What led to CNN+’s launch on March 29 and its rapid demise is an unusual mix of corporate deal-making, leadership disagreement, unexpected resignations and legal restrictions.
“It will be a Harvard case study,” said one Warner Bros. Discovery executive.
CNBC spoke with a dozen people directly involved with CNN+ about why it folded so quickly — and why it ever launched in the first place.
CNN+ is born
Zucker and deputy Andrew Morse, CNN’s head of global digital business who eventually became CNN+’s chief, initially discussed launching a streaming service in early 2020, months before Jason Kilar joined WarnerMedia as chief executive, according to people familiar with the matter.
In Kilar, Zucker and Morse found a digital evangelist. He was brought on to transform WarnerMedia into a company that revolved around streaming video rather than one that centered around distributing content to cable networks and movie theaters.
The CNN leadership envisioned CNN+ as something akin to The New York Times – a subscription news product that would eventually house video, podcasts, and all of CNN’s interview and entertainment programming.
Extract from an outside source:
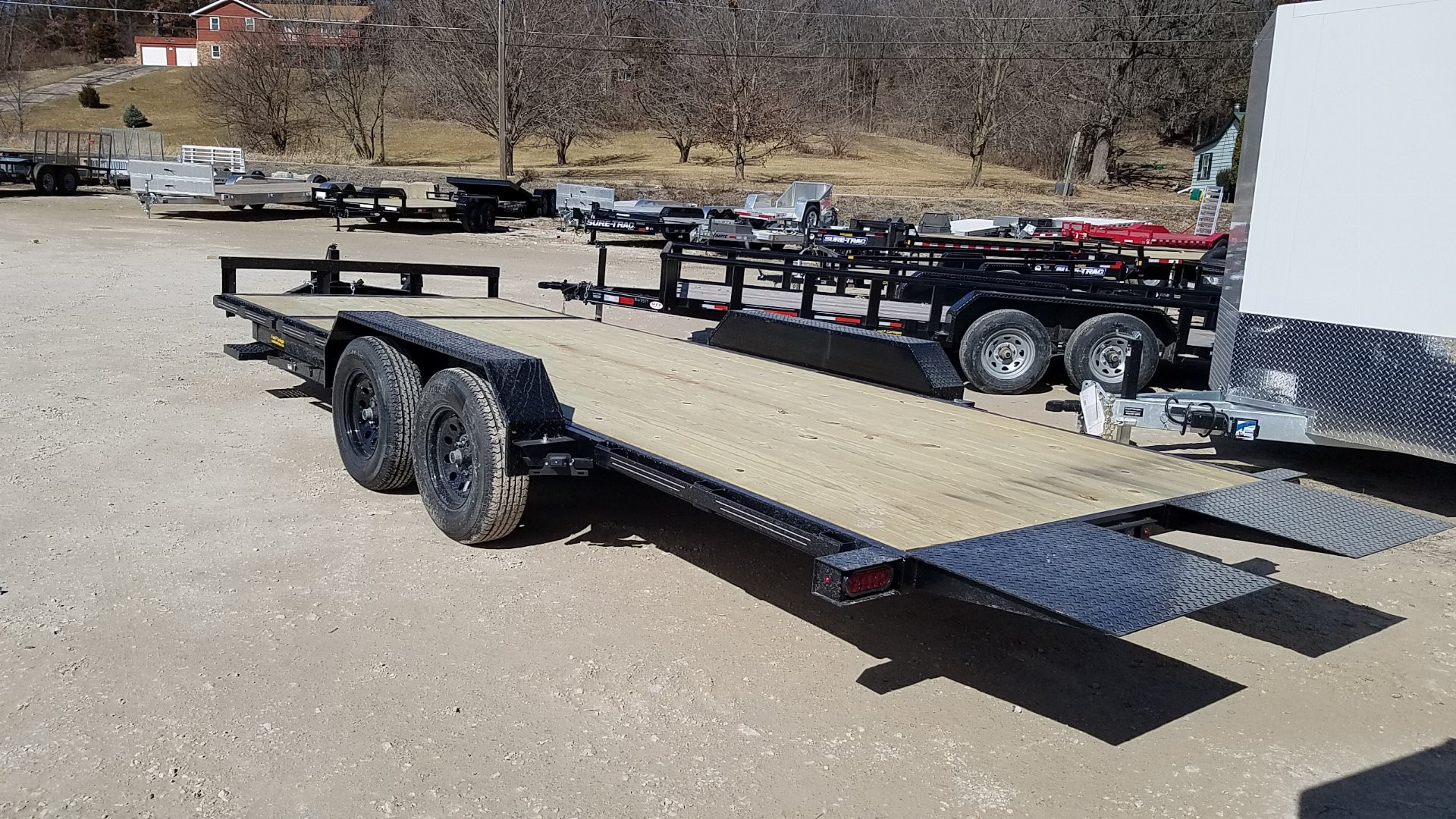New 2025 MEB 18+4 Tilt Bed Equipment Trailer 7K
CNN also felt it had a global branding advantage over the Times, which is known more in the U.S. than abroad. Kilar believed CNN needed a digital subscription strategy, having seen scores of advertising-based digital media properties suffer from low valuations and volatile ad markets.
Over time, as millions of households cancel their cable subscriptions each year, CNN+ would become the landing spot for CNN’s linear network. Similar to ESPN.com, executives planned on CNN.com populating with more and more paywalled content and pushing CNN+ subscriptions. Executives researched potentially making all of CNN.com part of a subscription, but decided the content wasn’t strong enough to merit a full paywall. CNN.com is already profitable and is the most viewed news website, frequently generating more than 200 million unique visitors globally each month.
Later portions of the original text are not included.